> [WHAT YOU ARE ASKED TO DO]
Using the records below, give again exactly the lines from the line that contains "Bolsa portameriendas termo" through the line that contains "Anillo Ronda de Color", both ends included, and only those.

> [SUPPLIED RECORDS]
--*--
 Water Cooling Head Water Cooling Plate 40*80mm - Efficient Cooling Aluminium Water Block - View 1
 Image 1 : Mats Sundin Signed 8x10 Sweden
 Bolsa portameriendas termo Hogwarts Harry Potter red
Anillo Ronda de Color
--*--
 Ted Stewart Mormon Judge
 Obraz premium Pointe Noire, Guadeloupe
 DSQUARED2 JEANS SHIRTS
--*--
> [TASK SOLUTION]
 Bolsa portameriendas termo Hogwarts Harry Potter red
Anillo Ronda de Color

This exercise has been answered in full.